Health service must offer more quality for less money, says Sir Bruce Keogh

The NHS must adopt the “more-for-less” mentality of businesses such as PC World or Dixons if it is to survive in its current form, Britain’s top doctor has warned.

Speaking to The Independent, Sir Bruce Keogh said that the “inbuilt mindset that better quality costs more” had to change as the health service enters a new era of austerity.

The Medical Director of the NHS said hospital bosses must learn from retailers that manage to drive prices down while offering ever-more sophisticated products.

“If you go down to PC World or Dixons, each year you would expect to pay less for a PC and you would also expect the specifications to improve,” he said. “I have all sorts of people [in the NHS] saying to me: ‘Give me £1,000, give me £200,000; I can improve our service’. My challenge is: every other aspect of industry has to improve the quality they offer for less. So we need to change that mindset.”

Sir Bruce also revealed plans for a Dragons’ Den-style mentoring scheme for NHS executives which will see them receive advice from entrepreneurs and academics. He also pledged to boost the status of junior doctors, to exploit their potential as the “biggest agents for spreading new ideas and improving quality”.

The NHS faces a funding gap of £30bn by 2020, with government spending reduced to a level that will mean the lowest annual increases in the organisation’s 65-year history.
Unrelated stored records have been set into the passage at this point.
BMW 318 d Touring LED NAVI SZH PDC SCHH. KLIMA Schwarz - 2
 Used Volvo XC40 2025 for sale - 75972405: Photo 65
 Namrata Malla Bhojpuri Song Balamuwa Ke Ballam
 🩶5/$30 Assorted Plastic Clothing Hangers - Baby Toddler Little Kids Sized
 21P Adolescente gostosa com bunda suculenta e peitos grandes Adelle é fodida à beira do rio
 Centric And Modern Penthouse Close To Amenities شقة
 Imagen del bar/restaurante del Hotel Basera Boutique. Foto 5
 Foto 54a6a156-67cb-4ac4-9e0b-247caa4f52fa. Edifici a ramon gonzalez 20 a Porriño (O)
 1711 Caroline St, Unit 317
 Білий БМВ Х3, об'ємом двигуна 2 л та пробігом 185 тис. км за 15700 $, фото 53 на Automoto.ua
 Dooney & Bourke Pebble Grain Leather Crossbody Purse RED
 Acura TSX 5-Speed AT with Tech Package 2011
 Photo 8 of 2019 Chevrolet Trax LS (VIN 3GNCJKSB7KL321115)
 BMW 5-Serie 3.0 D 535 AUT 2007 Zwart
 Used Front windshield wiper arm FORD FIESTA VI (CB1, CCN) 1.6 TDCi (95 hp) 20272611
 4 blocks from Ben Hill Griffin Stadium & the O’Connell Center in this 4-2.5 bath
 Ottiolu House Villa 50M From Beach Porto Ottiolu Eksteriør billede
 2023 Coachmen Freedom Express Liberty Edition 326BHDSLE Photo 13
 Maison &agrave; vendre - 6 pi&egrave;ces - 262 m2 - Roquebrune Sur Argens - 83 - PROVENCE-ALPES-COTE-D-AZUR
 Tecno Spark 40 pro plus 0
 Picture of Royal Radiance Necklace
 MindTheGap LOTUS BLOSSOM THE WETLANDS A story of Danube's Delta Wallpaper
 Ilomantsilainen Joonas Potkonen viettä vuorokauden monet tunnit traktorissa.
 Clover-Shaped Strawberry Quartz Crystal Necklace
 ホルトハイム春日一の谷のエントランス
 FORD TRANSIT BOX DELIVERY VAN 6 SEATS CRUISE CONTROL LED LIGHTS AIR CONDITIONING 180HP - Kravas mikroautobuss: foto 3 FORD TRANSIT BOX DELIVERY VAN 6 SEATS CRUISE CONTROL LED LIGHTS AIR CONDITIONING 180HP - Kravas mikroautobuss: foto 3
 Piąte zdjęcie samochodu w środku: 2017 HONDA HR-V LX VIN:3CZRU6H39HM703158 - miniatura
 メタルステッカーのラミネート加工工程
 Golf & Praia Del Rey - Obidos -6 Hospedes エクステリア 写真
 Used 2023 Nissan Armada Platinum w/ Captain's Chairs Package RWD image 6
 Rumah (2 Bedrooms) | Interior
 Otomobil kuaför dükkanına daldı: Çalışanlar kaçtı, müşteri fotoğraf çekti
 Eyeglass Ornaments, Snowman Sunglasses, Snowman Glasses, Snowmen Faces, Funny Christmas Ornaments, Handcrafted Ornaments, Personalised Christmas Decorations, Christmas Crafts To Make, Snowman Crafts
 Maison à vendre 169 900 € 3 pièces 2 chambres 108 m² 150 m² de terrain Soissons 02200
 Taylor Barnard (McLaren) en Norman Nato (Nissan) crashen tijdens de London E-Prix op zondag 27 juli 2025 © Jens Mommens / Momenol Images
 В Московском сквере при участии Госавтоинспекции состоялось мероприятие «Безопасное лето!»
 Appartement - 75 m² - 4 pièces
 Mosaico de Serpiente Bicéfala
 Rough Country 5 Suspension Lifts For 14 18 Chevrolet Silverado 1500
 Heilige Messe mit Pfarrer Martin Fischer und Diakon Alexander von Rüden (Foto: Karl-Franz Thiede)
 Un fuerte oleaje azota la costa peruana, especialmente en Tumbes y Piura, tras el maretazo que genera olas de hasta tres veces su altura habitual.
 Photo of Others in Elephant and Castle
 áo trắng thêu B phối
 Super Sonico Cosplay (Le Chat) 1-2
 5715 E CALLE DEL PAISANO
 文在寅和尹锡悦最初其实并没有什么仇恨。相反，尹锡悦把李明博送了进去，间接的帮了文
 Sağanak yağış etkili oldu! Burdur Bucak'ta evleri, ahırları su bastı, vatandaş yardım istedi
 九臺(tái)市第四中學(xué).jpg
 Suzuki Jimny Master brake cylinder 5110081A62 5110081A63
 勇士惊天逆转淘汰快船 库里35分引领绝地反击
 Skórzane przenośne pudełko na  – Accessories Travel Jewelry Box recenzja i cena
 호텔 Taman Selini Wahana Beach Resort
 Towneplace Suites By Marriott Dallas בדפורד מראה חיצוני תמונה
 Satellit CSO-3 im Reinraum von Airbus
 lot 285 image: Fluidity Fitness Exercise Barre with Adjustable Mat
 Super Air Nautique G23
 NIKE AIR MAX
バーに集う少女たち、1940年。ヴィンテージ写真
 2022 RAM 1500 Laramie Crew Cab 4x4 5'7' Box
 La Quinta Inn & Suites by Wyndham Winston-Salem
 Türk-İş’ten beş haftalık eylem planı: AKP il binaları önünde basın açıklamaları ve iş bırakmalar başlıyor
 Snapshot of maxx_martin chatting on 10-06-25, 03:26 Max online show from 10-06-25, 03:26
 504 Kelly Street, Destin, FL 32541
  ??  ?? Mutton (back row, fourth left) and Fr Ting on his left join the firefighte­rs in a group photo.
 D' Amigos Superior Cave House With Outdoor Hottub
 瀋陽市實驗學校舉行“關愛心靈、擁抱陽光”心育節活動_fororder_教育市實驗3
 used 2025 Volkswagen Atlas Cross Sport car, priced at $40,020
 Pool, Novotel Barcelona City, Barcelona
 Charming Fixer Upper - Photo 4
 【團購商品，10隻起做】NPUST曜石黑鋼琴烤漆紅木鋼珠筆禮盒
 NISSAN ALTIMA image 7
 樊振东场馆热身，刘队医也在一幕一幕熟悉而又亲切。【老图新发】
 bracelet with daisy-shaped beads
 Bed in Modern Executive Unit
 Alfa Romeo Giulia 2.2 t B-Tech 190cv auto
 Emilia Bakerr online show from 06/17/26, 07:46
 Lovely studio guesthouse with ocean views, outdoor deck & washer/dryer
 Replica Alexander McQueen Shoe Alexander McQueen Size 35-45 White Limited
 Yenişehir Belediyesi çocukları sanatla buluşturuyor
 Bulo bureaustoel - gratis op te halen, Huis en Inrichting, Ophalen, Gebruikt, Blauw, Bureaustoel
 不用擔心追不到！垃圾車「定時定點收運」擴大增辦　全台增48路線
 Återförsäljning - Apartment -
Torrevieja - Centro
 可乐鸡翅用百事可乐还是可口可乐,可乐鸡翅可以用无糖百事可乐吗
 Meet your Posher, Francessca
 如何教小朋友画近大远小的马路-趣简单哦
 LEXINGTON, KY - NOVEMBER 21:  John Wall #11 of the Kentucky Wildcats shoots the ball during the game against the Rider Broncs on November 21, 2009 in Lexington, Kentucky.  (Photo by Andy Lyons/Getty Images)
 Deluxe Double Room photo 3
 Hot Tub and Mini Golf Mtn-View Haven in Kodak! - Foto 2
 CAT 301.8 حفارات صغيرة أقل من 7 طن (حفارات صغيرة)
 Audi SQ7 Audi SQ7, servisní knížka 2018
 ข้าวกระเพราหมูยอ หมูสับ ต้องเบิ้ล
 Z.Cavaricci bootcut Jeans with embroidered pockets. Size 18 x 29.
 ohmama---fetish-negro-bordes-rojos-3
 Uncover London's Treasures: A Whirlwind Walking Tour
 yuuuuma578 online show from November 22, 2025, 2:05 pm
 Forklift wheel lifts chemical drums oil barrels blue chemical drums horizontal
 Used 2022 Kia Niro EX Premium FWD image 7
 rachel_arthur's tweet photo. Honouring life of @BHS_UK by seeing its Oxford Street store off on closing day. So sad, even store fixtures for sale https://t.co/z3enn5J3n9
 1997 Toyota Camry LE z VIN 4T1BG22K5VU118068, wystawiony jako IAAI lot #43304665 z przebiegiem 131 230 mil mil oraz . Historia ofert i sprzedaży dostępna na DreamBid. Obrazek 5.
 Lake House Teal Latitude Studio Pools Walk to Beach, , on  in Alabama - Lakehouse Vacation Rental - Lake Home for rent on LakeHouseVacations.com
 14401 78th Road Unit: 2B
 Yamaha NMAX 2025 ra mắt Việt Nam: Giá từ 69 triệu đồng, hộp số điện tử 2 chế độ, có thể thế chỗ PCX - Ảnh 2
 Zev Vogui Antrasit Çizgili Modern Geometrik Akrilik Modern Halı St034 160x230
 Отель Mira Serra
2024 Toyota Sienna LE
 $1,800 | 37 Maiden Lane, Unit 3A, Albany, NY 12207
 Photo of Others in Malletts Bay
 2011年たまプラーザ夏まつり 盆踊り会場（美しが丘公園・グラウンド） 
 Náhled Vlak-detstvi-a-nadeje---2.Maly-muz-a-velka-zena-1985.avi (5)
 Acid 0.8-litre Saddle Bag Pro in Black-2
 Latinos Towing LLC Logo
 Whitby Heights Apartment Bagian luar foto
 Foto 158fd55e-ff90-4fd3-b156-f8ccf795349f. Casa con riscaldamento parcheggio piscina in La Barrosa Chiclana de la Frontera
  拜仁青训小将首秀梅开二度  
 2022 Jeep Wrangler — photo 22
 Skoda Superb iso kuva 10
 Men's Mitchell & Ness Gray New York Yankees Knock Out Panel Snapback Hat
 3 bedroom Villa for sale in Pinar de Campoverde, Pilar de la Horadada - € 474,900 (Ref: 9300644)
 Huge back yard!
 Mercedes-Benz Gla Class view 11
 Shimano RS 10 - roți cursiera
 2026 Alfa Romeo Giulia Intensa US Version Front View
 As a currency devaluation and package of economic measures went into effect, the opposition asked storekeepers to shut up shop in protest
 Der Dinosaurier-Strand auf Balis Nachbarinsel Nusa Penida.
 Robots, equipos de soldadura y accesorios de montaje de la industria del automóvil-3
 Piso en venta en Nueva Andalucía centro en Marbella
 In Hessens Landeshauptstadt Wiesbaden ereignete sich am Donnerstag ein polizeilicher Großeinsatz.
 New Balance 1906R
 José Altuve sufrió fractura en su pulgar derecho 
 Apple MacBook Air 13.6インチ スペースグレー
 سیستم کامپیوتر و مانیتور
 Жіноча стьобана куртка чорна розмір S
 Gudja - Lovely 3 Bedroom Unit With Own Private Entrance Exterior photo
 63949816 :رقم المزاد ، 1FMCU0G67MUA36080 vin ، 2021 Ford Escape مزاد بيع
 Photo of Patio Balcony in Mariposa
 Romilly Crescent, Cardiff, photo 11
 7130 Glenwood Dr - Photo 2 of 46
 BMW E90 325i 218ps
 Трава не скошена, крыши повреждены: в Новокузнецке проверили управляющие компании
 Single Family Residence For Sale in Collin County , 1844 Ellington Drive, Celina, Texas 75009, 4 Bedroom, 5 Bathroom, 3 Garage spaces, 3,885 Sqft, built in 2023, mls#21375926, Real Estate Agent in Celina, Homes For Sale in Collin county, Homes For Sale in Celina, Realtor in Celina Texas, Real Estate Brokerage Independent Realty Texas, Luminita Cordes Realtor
At the same time, demand from patients is increasing and pressure to improve services is at an all-time high following a succession of scandals over substandard care.

Sir Bruce, who recently completed a report on care failings at 14 hospitals with higher-than-expected mortality rates, and is investigating the crisis at Britain’s A&E wards, said he would fight “absolutely to protect” the principle of a public health service, free at the point of need. However, the NHS needed to learn from the commercial sector, in which the expectation that budgets could not be guaranteed was a constant driver of innovation and efficiency, he said.

“Everybody is legitimately concerned about how we maintain a high-quality, free healthcare system, given that for the foreseeable future there will not be any additional money for the NHS,” he said. “Since 1948 the amount of money available has gone up on average by about 4.5 per cent a year. Now we’re looking at no increase. For me, the issue is: is our cup half-full, or half-empty?

“If you look at successful companies that have seen themselves through tight economic times, the first thing they do is take control of their finances. I think the NHS has done that pretty well.”

But pay controls and cuts to management costs could not deliver the savings required on their own, he said, and the health service would have to consider “how we deliver services differently”.

Outlining where lessons could be learnt from big business, Sir Bruce challenged the NHS to put junior doctors into leading roles.